■ Exercise instructions:
Copy out precisely the lines from the start of the data through the line with "So in this case, we're", and keep pictures out of it.

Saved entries
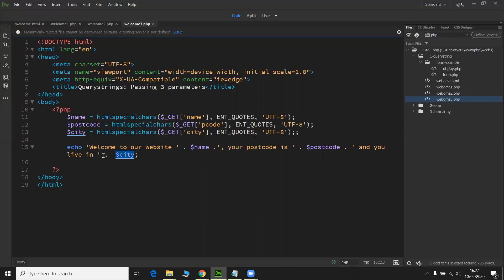So this concludes this lesson on query string values. Now remember to leave any comments you have below. Let me know how you're getting on as well. And remember to subscribe to the channel to be notified of any new content as it's posted. And I'll see you next time.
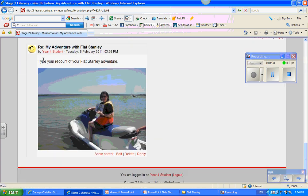And here it is — my recount and my picture, ready for everyone to have a look at. If you've got any other questions on how to complete this task, I'd suggest that you come and see Mr. Carter in the library or speak to Mr. Sproats.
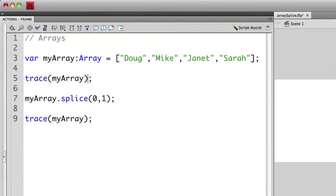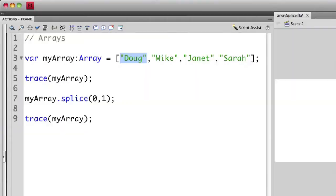So in this case, we're accessing element zero, which in this case is me, Doug. We want to remove one element, which is going to just remove the name Doug, and we define that in this second item here. You notice these are all separated by commas. So let's actually run this and see what happens.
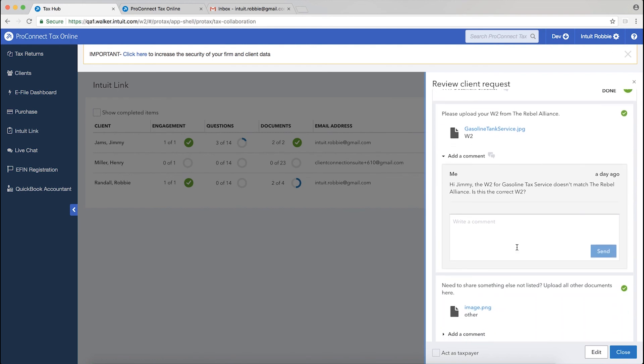Hope you've enjoyed today's presentation. Again, we covered some improvements that we made for the taxpayer, which includes marking an item that does not apply for this season, and also some collaboration tools we've built in this year for you and your clients to communicate through messaging. Thank you so much.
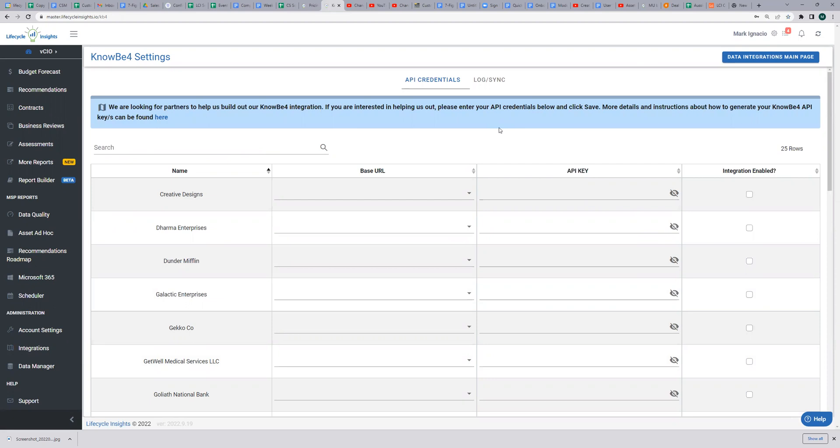After your API keys are entered, data will sync after your next nightly sync. Congratulations. Now we've synced KnowBe4 into your integrations.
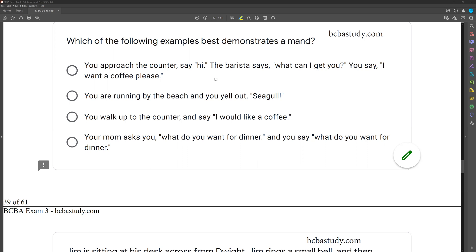We're looking for the situation where the mand occurs spontaneously with no outside verbal stimuli. Answer A: you approach the counter, say hi, the barista says 'what can I get you?' and you say 'I want a coffee, please.' Why is this not the mand we're looking for? Because saying 'I want a coffee, please' is in response to the barista's verbal question. Since it doesn't have point-to-point but has formal similarity, it's actually an intraverbal. The mand is the result of the MO, not the verbal SD.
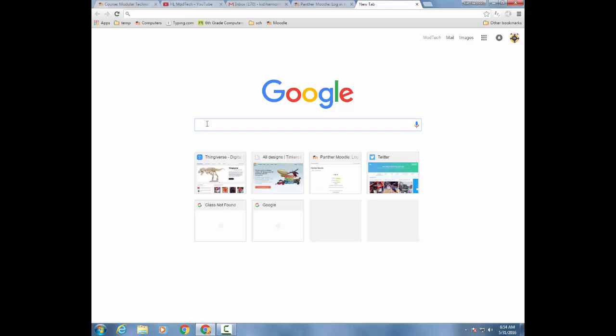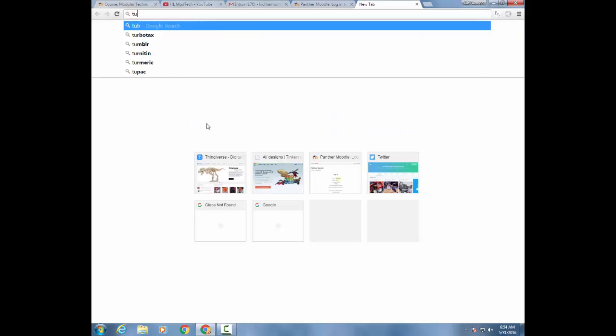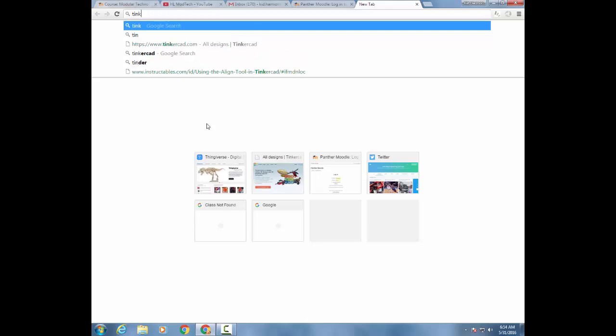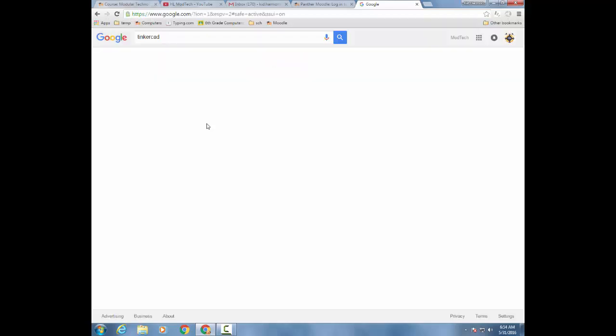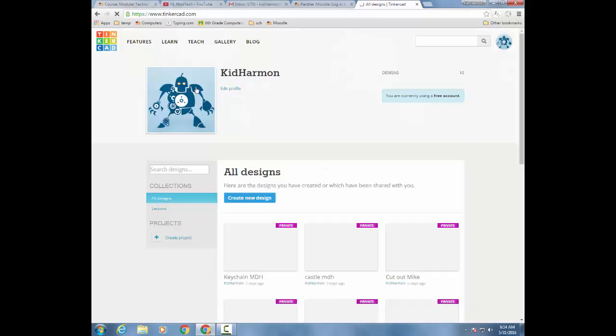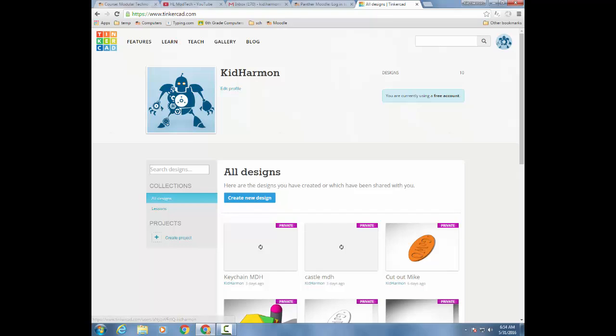Ladies and gentlemen, the first thing I gotta have you do is get to Tinkercad. So type that in, and when you get to Tinkercad, hopefully it'll sign you in. If not, I need you to sign in.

■ Task output:
So this concludes this lesson on query string values. Now remember to leave any comments you have below. Let me know how you're getting on as well. And remember to subscribe to the channel to be notified of any new content as it's posted. And I'll see you next time.
And here it is — my recount and my picture, ready for everyone to have a look at. If you've got any other questions on how to complete this task, I'd suggest that you come and see Mr. Carter in the library or speak to Mr. Sproats.
So in this case, we're accessing element zero, which in this case is me, Doug. We want to remove one element, which is going to just remove the name Doug, and we define that in this second item here. You notice these are all separated by commas. So let's actually run this and see what happens.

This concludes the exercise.